New Era of Great Power Competition Means Tough Choices for USAF


Elbridge Colby, former DOD deputy assistant secretary for strategy and force development, and USAF Vice Chief of Staff Gen. Stephen Wilson discuss the National Defense Strategy. Staff photo by Mike Tsukamoto.

The US now sees itself in a new era of great power competition, but the tough choices that presents for the Air Force have yet to fully manifest themselves, experts said Sept. 17 at AFA’s 2019 Air, Space & Cyber Conference.

“We’ve spent a long time looking at what is the Air Force we need (in this new era) … and building that,” said Gen.

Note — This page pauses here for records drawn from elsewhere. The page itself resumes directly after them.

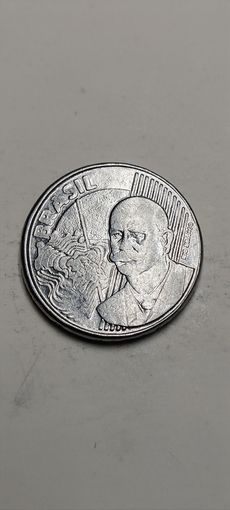 Бразилия 50 сентавос 2002
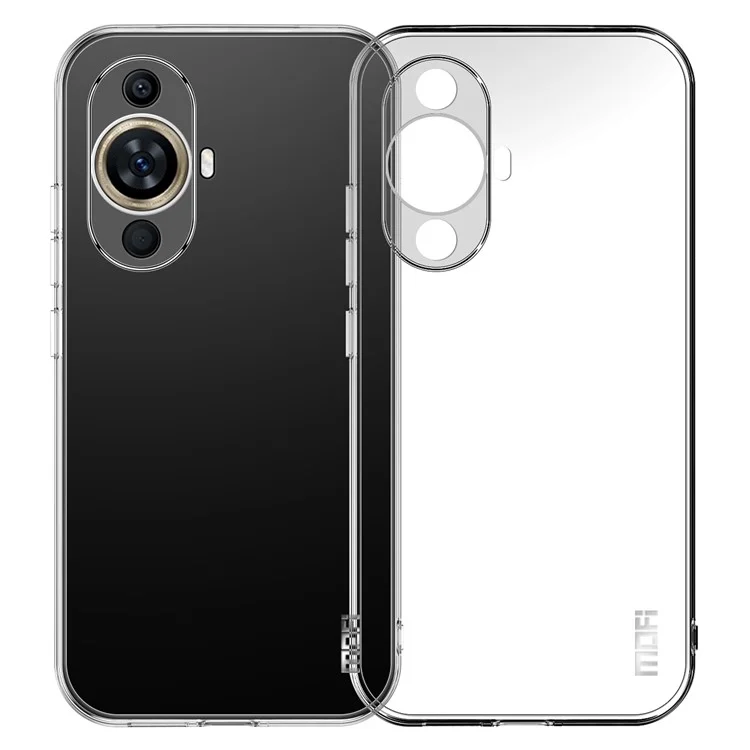 MOFI Para Huawei nova 11 / nova 12s 4G / nova 12 Lite 4G Caso de TPU Transparente Arranhão-resistente Capa de Telefone Celular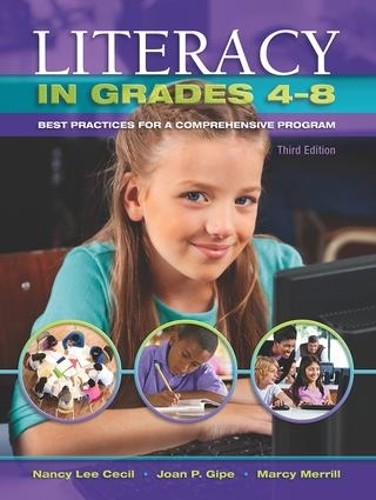 Nancy L. Cecil Joan P. Gipe Merrill E. Literacy in Grad (Paperback) (UK IMPORT)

Stephen Wilson, the service’s vice chief of staff. “That’s what we’ve been spending the last year and a half doing” in response to the 2018 National Defense Strategy.

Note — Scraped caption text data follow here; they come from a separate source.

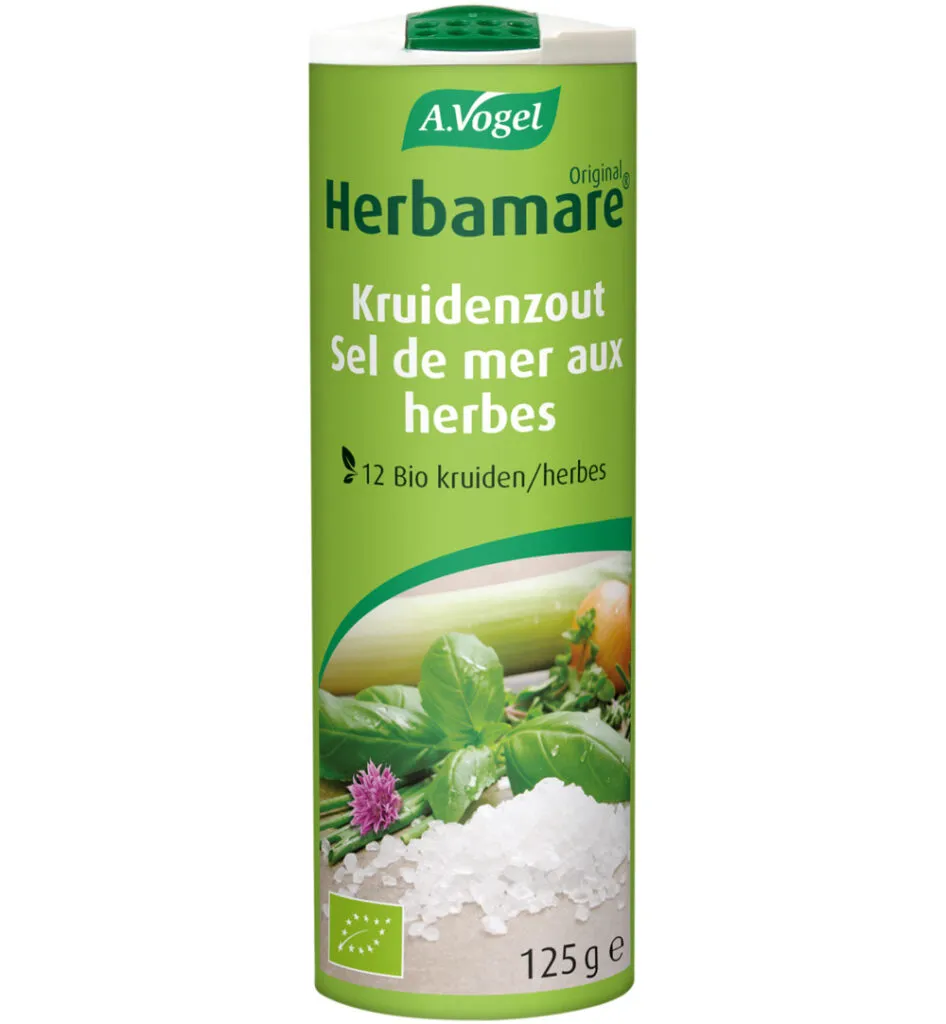 A.Vogel Herbamare Kruidenstrooisel Bio (125 gr)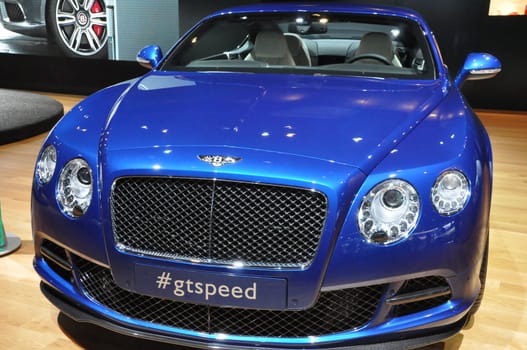 Bentley Continental GT at Auto Show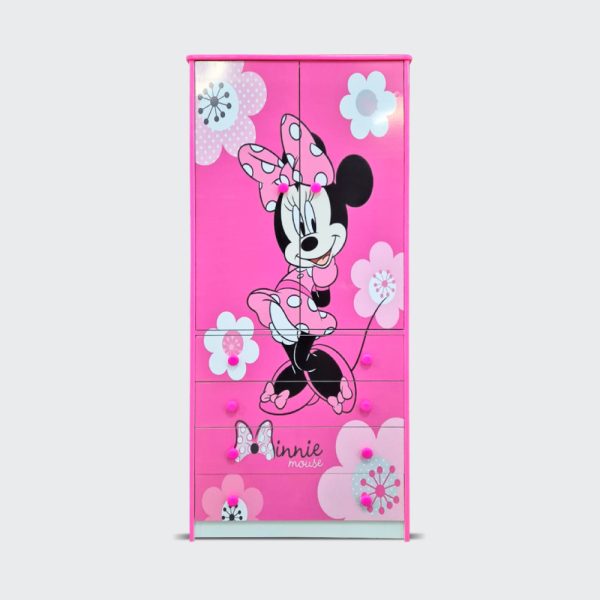 Closet de 2 puertas 4 cajones Minnie flowers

“Strategy is all about priorities,” added Elbridge Colby, former DOD deputy assistant secretary for strategy and force development, and one of the NDS’ authors. “We don’t have the abundance of resources We have to make tough choices.”

A key question that document sought to address, he said, was, “What’s the biggest problem out there”

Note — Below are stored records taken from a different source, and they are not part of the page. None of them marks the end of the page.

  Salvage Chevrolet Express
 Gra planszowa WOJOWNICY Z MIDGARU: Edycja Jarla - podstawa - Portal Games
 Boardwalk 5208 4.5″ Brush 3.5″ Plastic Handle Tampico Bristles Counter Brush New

The answer both panelists came back with is a single word: China—which Colby called “The largest competitor we’ve ever faced.”

Colby said that with China, which is growing its military by 7-10 percent a year, “we are facing essentially a peer, especially when you consider that this is taking place in a regional context,” the Western Pacific, where they have a geographic advantage.

“Our economies are roughly comparable in size,” explained Wilson. “Their growth rate is twice what ours is, their population is four times what ours is, and they are graduating eight times as many STEM students as we do Project those numbers forward for a decade, and what does that mean for us” he asked.

“We have to get a sense of urgency and we have to start behaving more like David than Goliath,” he said, calling for a military that is more “nimble and agile.”

And, in an environment where resources are limited, prioritizing means making hard choices as well, Wilson explained. “We are also going to have to prioritize what is the Air Force we don’t need. And that’s where it gets hard and uncomfortable for everybody.”

Wilson said he has begun to question which of the service’s programs don’t fit into the vision articulated by Air Force leaders. “If we can’t connect, if I can’t increase my speed or lethality, then maybe that (program) needs to go into the pile of ‘This is the Air Force I don’t need’ and we take those resources to build the Air Force we do need,” he said.

And it isn’t just the Air Force—the whole nation needs to make difficult decisions about how best to confront a rising and ambitious China. “It’s much bigger than the Department of Defense, it’s bigger even than a whole of government approach, we need a whole of nation effort to get a sense of urgency about what’s going on in the world (and) a clear eyed view of the competition we face,” said Wilson.

One decision implied by the new strategy is to accept more risk in the Middle East from potentially hostile powers like Iran.

“The strategy isn’t saying that everything (else) is going to be hunky dory, especially not in the Middle East,” acknowledged Colby, “But it’s trying to correlate the level of effort and the level of attention to the threats with the consequences of not addressing them.”

This doesn’t mean ignoring the threat from Iran, Wilson said, just recognizing that while “Iran has significant capabilities … they pale, just orders of magnitude, in comparison to China.”

Referring to the career of the defense secretary who oversaw the NDS, Colby said, “Nobody is more CENTCOM than former Gen. Mattis,” who headed up the regional command 2010-13. “But he recognized,” Colby went on, “that the force needs to find ways of dealing more economically with that threat, including through the use of allies and partners.”

The Iranian threat is “urgent but not existential,” Wilson concluded. “Where we cannot get it wrong is in the Western Pacific vis a vis China.”